**Goal of the exercise**: Exactly the lines from the start of the data below through the line that contains "That's it guys, I" are to be copied, with pictures left out.

Data entries
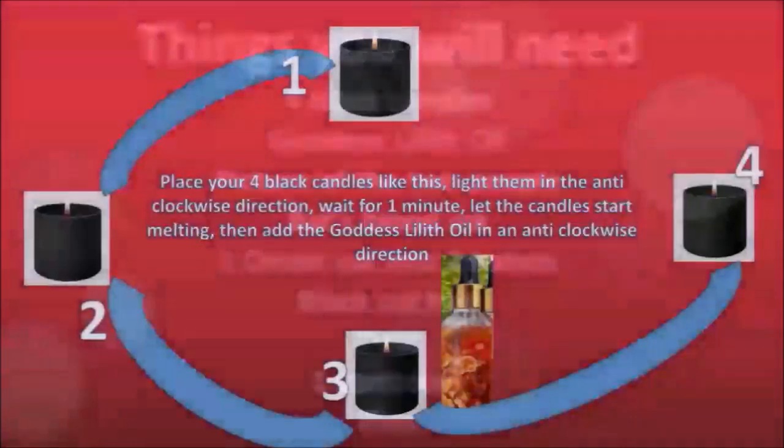Hello and welcome to day two of dark spells. Today is our second day of dark spells and our second spell is to break up a love affair. So let's look at what we need.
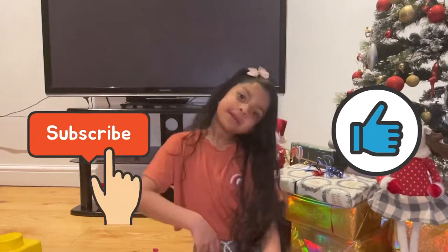That's it guys, I finished making my houseboat. You can make stuff like this. Hope you enjoyed this video. Like, subscribe. See you later.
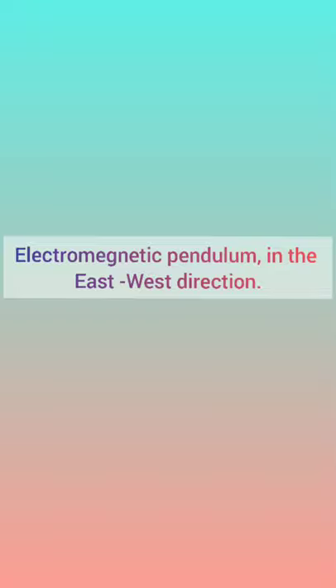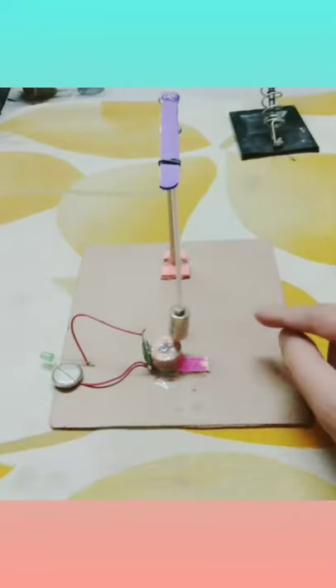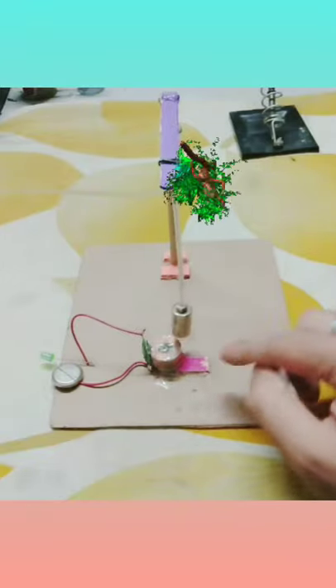Let's check this electromagnetic pendulum in the east-west direction. The mode of operation remains the same — these two cylindrical neodymium magnets are attracting.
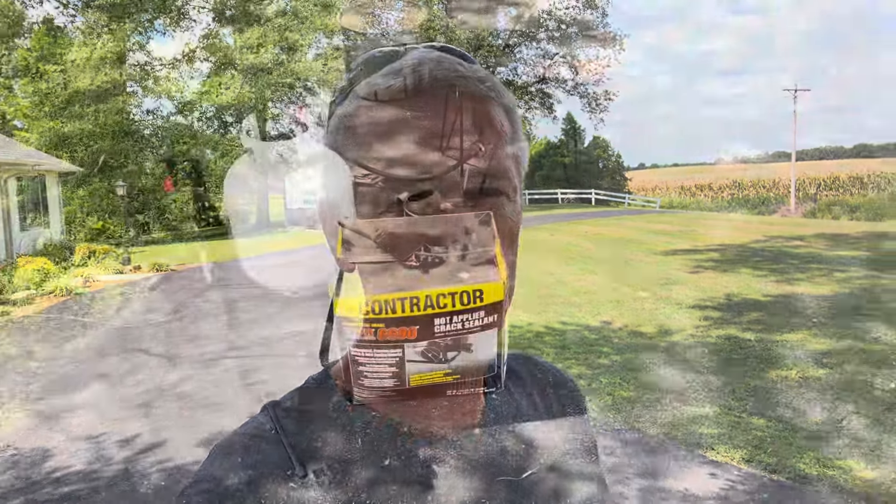Welcome to the Jeepman King channel. Today I've got a super long asphalt driveway that goes way over there to the road, comes all the way back to me, and then out in front of me another 100 feet — so we're close to about a 400-foot-long driveway. I'm going to take you guys through a process using a crack sealer I found at Lowe's that works extremely well.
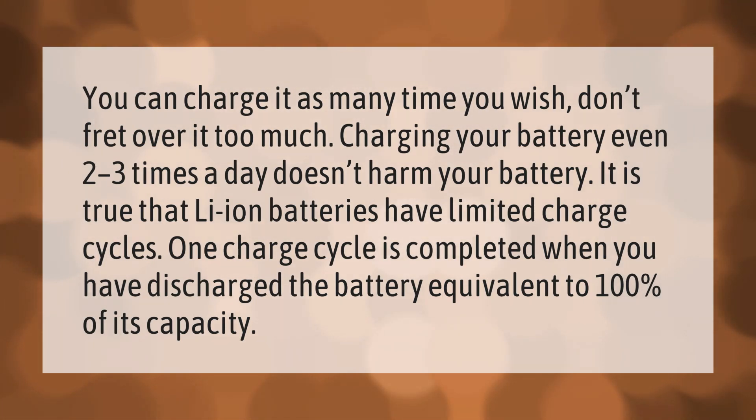It is true that Li-ion batteries have limited charge cycles. One charge cycle is completed when you have discharged the battery equivalent to 100% of its capacity. You can charge it as many times a day as needed.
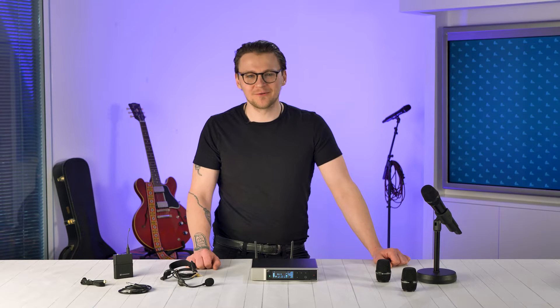Hi guys and welcome to another product profile. Today we're going to be having a look at the brand new Evolution Wireless Digital System from Sennheiser.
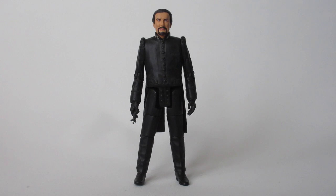Hello everyone and welcome to another custom figure showcase and another updated custom — that is my Anthony Ainley Master.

**Expected answer**:
Hello and welcome to day two of dark spells. Today is our second day of dark spells and our second spell is to break up a love affair. So let's look at what we need.
That's it guys, I finished making my houseboat. You can make stuff like this. Hope you enjoyed this video. Like, subscribe. See you later.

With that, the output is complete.